→ **What the exercise asks**:
Write the entries out exactly. Any images they hold stay out of the copy.

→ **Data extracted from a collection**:
╔══

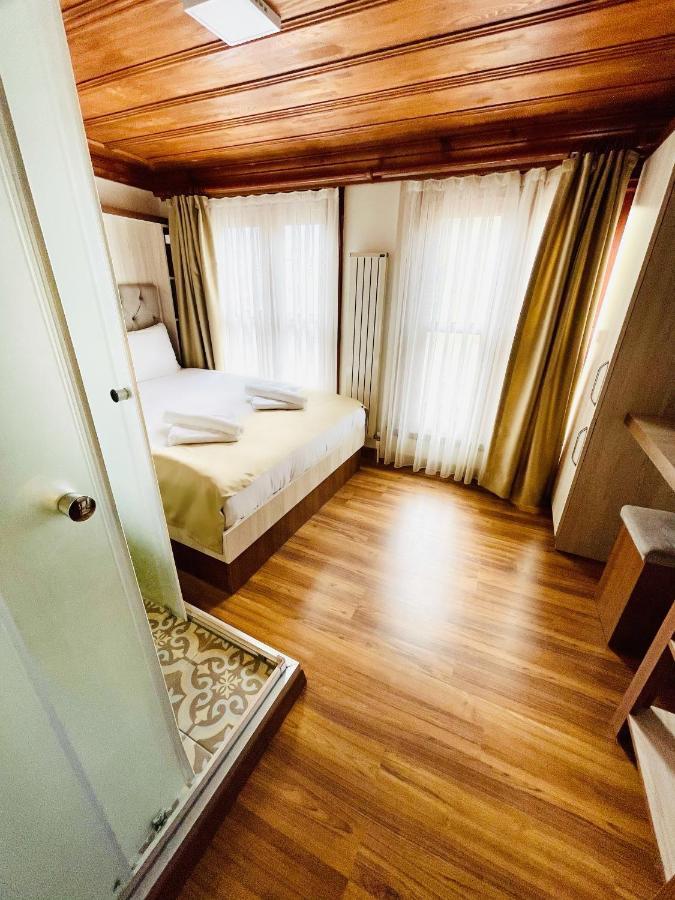 Qonaq Hotel & Suites イスタンブール エクステリア 写真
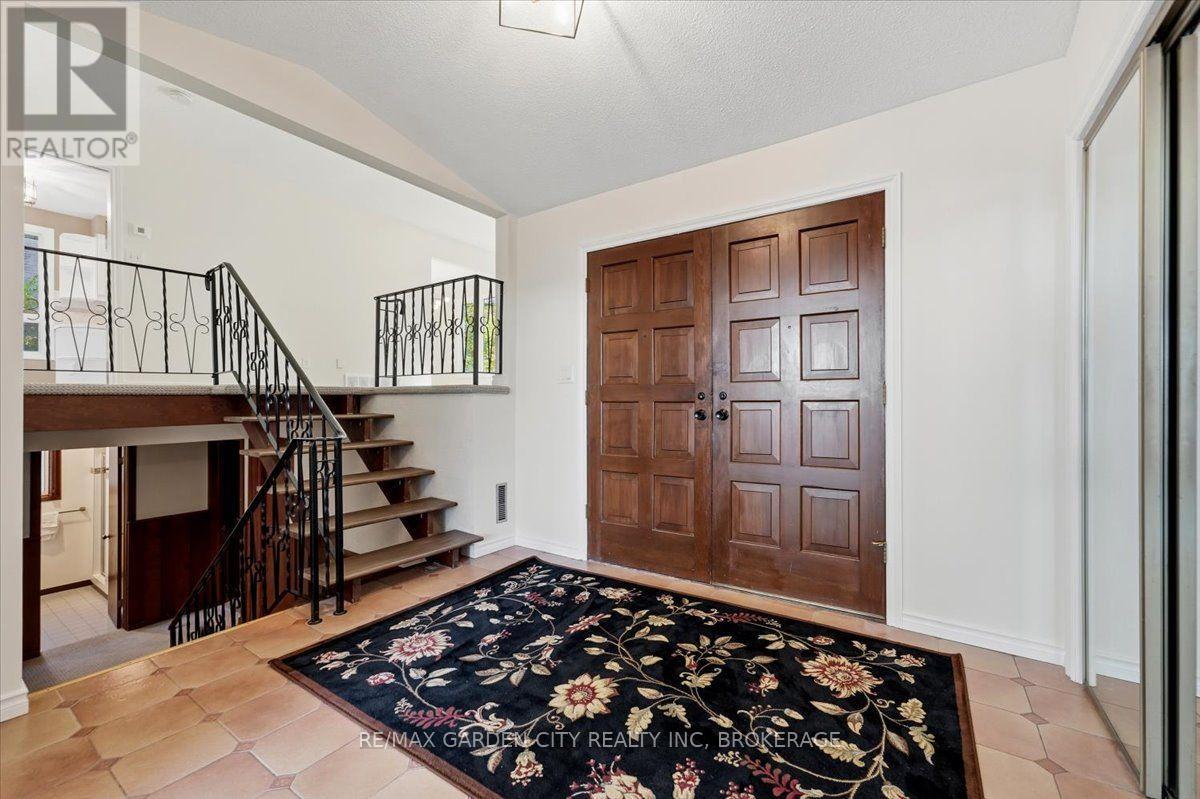 19 Berkhout Terrace, Pelham, Ontario  L3E 0H3 - Photo 5 - X14110866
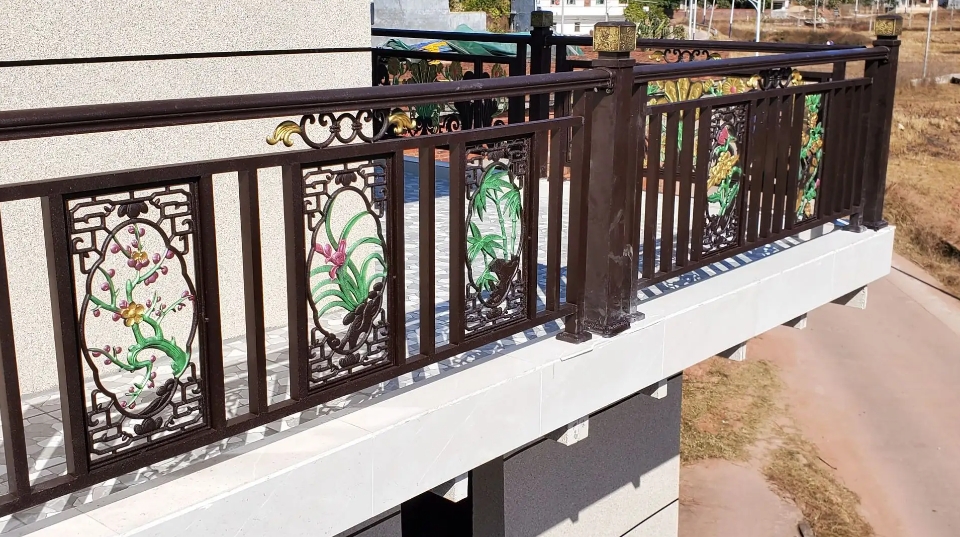 European Iron Railings With Modern Style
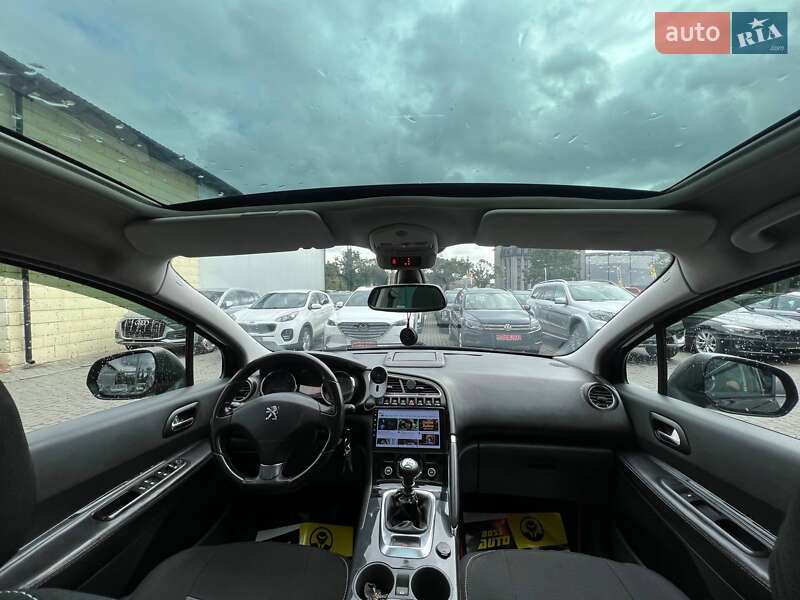 Позашляховик / Кросовер Peugeot 3008 2011 в Івано-Франківську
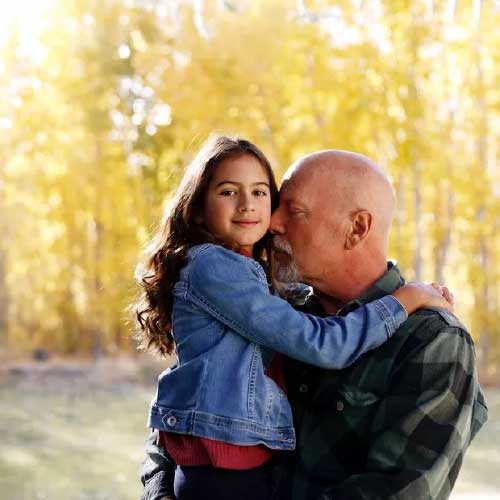 Bruce Willis aparece em 1ª foto com a filha após diagnóstico de afasia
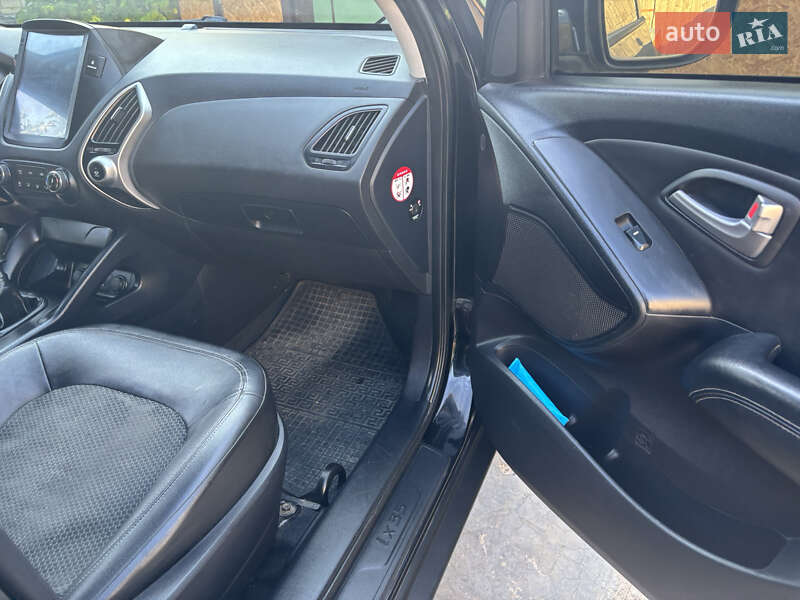 Внедорожник / Кроссовер Hyundai ix35 2011 в Старой Синяве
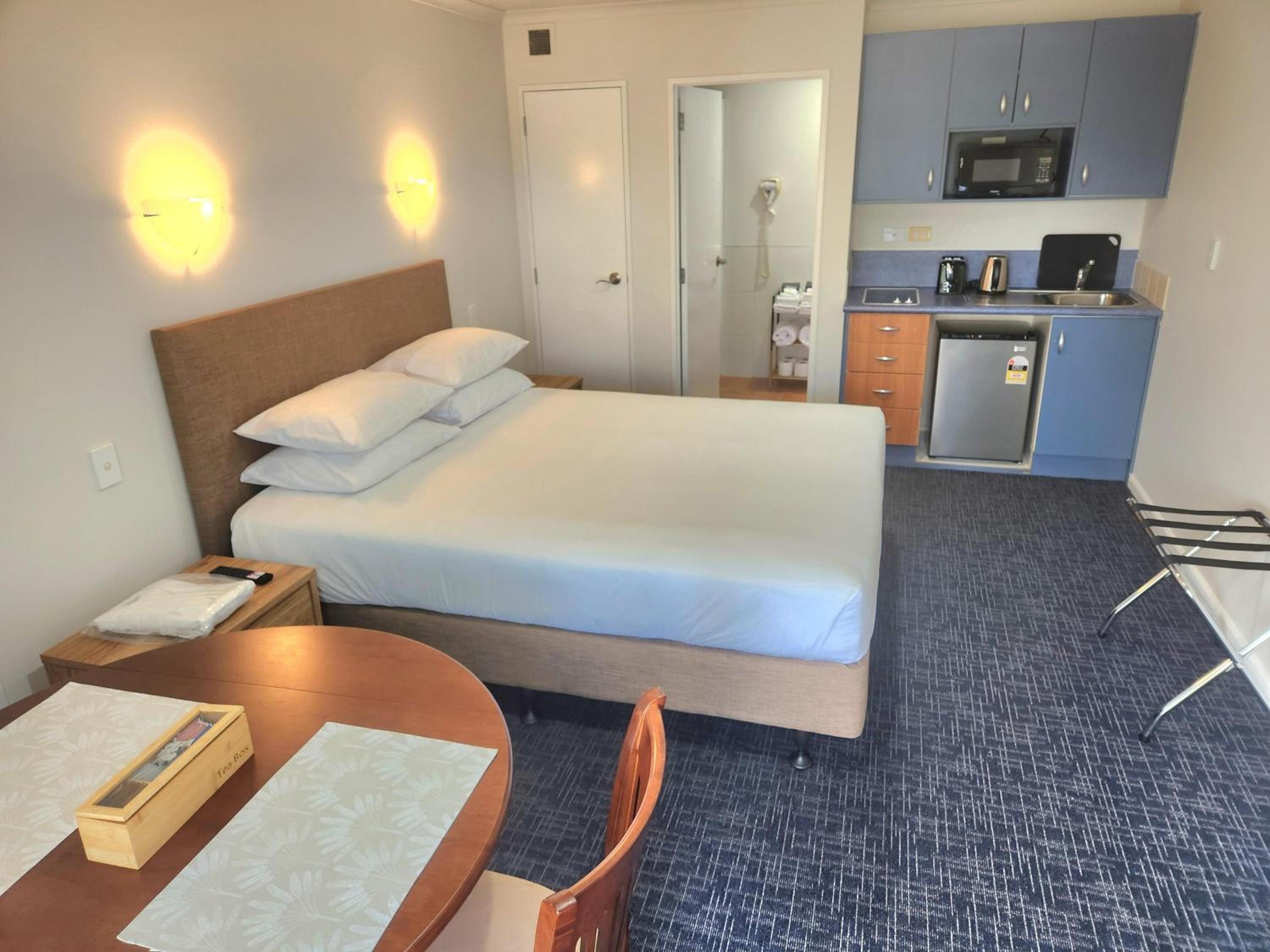 One-Bedroom Apartment - Photo 4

╚══

→ **Written response**:
 Qonaq Hotel & Suites イスタンブール エクステリア 写真
 19 Berkhout Terrace, Pelham, Ontario  L3E 0H3 - Photo 5 - X14110866
 European Iron Railings With Modern Style
 Позашляховик / Кросовер Peugeot 3008 2011 в Івано-Франківську
 Bruce Willis aparece em 1ª foto com a filha após diagnóstico de afasia
 Внедорожник / Кроссовер Hyundai ix35 2011 в Старой Синяве
 One-Bedroom Apartment - Photo 4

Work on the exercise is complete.